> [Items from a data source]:
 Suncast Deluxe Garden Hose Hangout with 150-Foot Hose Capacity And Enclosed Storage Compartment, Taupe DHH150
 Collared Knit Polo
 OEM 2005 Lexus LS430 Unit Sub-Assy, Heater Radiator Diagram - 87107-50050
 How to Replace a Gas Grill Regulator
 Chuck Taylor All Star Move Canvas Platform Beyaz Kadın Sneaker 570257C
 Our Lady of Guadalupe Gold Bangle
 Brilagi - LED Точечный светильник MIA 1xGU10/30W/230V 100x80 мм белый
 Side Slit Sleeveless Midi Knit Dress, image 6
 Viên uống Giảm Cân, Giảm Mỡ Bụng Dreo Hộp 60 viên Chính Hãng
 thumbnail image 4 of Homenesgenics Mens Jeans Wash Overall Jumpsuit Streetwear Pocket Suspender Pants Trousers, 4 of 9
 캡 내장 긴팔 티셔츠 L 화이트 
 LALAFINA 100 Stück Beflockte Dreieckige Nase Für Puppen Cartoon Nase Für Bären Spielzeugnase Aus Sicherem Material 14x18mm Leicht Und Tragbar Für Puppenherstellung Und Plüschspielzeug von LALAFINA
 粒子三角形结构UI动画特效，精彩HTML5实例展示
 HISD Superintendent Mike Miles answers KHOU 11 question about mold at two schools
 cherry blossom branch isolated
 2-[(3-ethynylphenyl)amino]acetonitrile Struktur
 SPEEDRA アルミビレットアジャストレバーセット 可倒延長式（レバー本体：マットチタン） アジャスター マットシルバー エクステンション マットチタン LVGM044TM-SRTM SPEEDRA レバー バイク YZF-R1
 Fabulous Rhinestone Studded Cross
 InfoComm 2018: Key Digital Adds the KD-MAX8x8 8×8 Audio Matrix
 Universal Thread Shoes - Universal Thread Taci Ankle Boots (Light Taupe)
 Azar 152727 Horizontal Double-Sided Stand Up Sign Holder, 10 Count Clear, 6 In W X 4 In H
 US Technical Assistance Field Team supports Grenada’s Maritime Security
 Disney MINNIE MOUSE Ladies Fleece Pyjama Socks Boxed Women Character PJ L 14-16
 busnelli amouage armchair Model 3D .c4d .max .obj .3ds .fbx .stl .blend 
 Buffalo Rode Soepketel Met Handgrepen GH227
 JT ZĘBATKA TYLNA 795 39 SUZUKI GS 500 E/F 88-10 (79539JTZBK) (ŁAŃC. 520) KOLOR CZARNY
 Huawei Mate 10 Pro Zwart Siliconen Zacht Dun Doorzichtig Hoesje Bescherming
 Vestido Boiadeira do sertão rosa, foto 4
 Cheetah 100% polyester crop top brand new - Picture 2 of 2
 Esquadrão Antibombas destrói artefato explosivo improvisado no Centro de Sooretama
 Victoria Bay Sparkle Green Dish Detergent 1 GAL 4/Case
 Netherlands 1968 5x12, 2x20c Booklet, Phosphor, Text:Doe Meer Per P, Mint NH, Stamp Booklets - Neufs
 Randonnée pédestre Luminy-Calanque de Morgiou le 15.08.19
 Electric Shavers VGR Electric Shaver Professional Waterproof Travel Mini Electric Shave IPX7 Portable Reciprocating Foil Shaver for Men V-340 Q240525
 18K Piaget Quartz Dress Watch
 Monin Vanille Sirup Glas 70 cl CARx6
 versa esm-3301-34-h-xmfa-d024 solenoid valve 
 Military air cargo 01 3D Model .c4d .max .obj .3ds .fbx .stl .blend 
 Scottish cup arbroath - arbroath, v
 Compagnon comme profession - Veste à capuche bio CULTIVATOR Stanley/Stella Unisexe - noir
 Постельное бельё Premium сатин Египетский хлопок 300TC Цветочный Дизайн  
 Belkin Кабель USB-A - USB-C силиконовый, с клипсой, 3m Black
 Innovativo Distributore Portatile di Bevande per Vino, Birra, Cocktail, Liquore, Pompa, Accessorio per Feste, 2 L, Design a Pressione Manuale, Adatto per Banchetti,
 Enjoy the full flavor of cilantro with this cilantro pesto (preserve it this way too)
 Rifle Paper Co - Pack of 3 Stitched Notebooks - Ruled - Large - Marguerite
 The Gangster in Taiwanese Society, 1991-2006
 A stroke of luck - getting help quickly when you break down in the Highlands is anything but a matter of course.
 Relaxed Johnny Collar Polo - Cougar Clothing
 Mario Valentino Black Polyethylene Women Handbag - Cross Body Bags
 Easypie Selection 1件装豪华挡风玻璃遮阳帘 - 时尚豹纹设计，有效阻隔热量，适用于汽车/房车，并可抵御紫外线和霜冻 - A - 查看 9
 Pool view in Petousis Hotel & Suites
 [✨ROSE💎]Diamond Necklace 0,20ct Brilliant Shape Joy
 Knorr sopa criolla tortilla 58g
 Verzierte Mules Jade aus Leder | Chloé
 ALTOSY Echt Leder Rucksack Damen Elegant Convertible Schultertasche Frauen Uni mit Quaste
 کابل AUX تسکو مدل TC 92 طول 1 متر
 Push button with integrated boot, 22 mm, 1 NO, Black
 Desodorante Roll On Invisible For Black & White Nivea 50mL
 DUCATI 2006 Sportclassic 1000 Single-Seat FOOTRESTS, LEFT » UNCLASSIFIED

> [What the exercise asks]: Which lines above hold the string "Women"? Copy each of them.

> [Exercise result]:
 Disney MINNIE MOUSE Ladies Fleece Pyjama Socks Boxed Women Character PJ L 14-16
 Mario Valentino Black Polyethylene Women Handbag - Cross Body Bags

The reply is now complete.